All along, Mr. Nadler was writing — screenplays, television pilots, comedy shorts, etc. Last year he made the decision to focus on his independent projects full-time. He had already begun trying out his stand-up at various venues around L.A. Mr. Nadler is currently taking a year off to hone his stand up skills and work on two comedy screenplays. He’s performed in dozens of bars, restaurants, and nightclubs, and last year he landed a spot in a comedy festival in Denver.

Although he is still primarily interested in screenwriting, Mr. Nadler says that stand-up offers more instant gratification. “Writing is such a solitary thing,” he said. “It’s a very slow process. What I like about stand-up is you can write a joke and try it out that night and instantly have an audience validate it — or not validate it.”

“It’s an egalitarian thing,” he added. “With a screenplay, only a few industry people are reading it. I like regular people. That’s the whole point of entertainment. For non entertainment people to like your material.”

During his time off, Mr. Nadler has done a fair amount of traveling. He spent time in Australia and, after his current one month visit to the Island, he will embark on a road trip that will take him all over the northeast visiting friends and attending two weddings. Mr. Nadler notes that he always tries to find an open mic night or another venue to try out his material wherever he goes.

Despite the fact that it took Mr. Nadler close to a year, once he made a resolution to work up the courage to try out a stand up routine for the first time, he says that he’s relatively calm when he steps up on stage: “You’re always a little nervous, but once they call your name and you get up there, it all kind of slips away.”

Trying to read an audience while delivering your material is the hardest part, according to Mr. Nadler. “That sort of thing takes most people close to a year before they start to really feel comfortable on stage.”

In his R-rated video clips on, Mr. Nadler appears completely natural and confident. Far from a hit-them-over-the-head type comic, his relatively low key, likable personality comes across.

“I’m not a very boisterous on stage,” he said. “For me it’s more observational humor, more writing heavy. Impressions or different voices or more acting based stuff is definitely harder for me. I’ve found that it’s always been easier for me to draw from more self deprecating experiences in my life.”

In his short online clips, Mr. Nadler draws big laughs from material that ranges from smart and sly to outrageous. He’s quick to share his humiliations with the audience and, while he relies heavily on jokes at his own expense, he still manages to charm the audience with his very appealing on-stage persona.
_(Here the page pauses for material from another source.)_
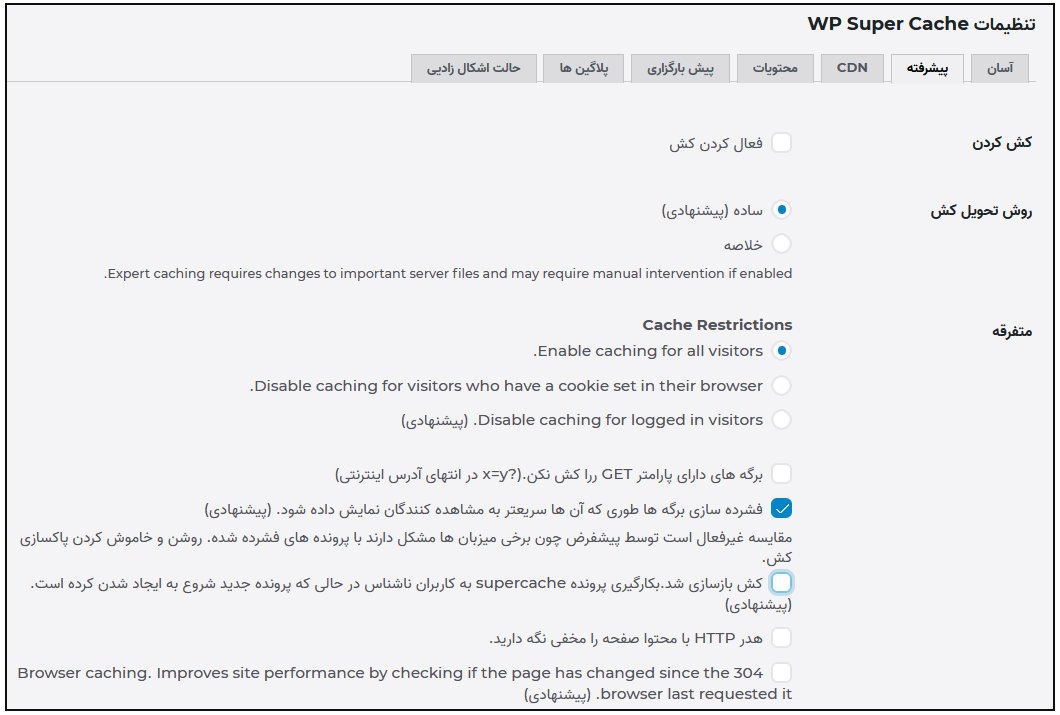 چگونگی فعال سازی جی زیپ در وردپرس WP Super Cache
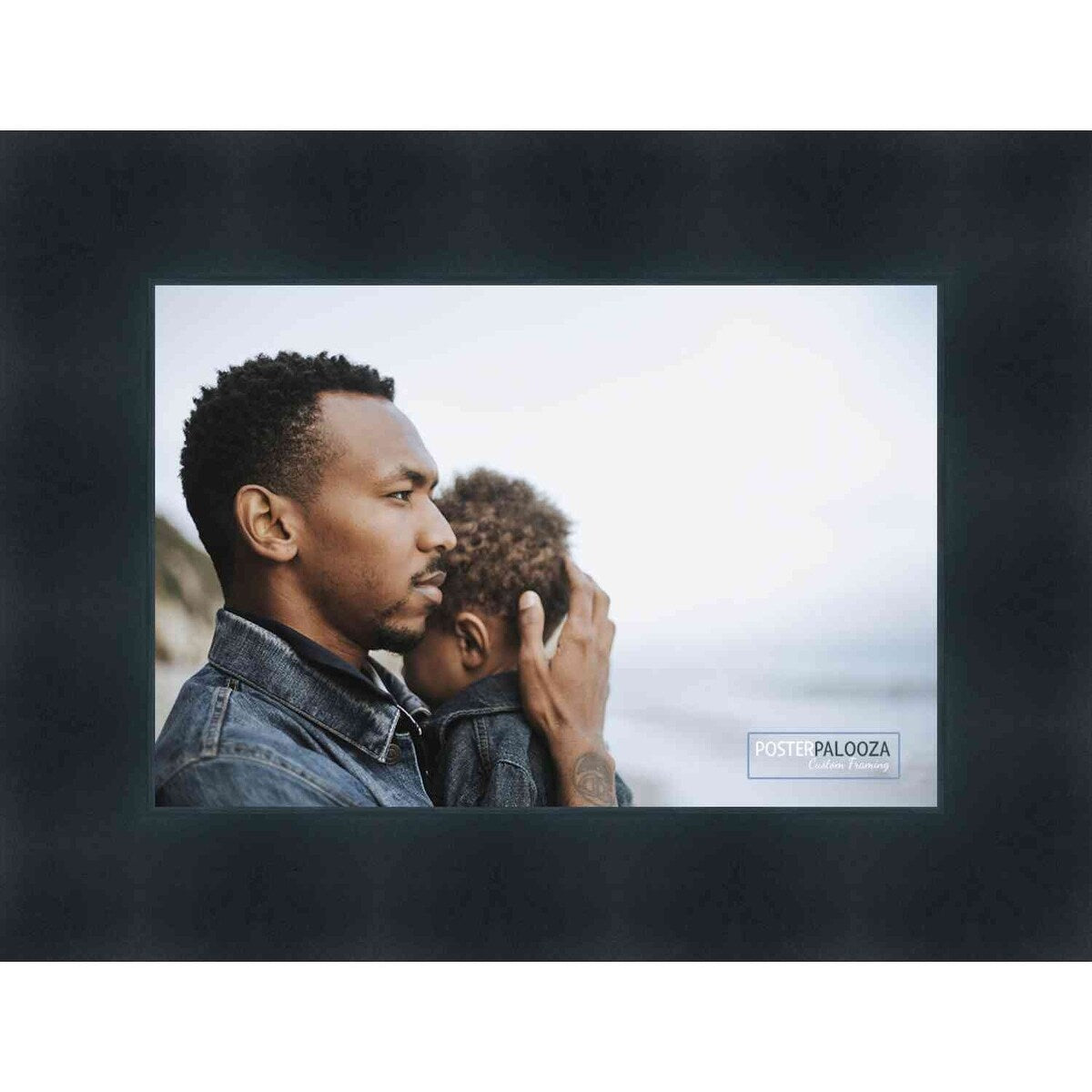 30x15 Contemporary Black Complete Wood Picture Frame with UV Acrylic, Foam Board Backing, & Hardware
Much of Mr. Nadler’s material is at least R rated, but for the upcoming show, he’s cleaned up his act and will cater to an Island audience. He says that he will talk about life in a small town, his Hollywood experiences and, of course, “The Vineyard.” A few of his friends are among the cast of the reality show. “I’m happy for them,” Mr. Nadler said. “I think they do a good job within the confines of the format. I’m looking forward to running into them to tell them I enjoy them on the show.”

Mr. Nadler visits the Island twice each year and hopes someday to live here part time. He’s finding it an ideal place to write. “I love the city life,” he said. “I would like to live in Manhattan but I love the balance you get from having somewhere to stay here. I get a lot of work done on the Island. It’s a good place to collect your thoughts.”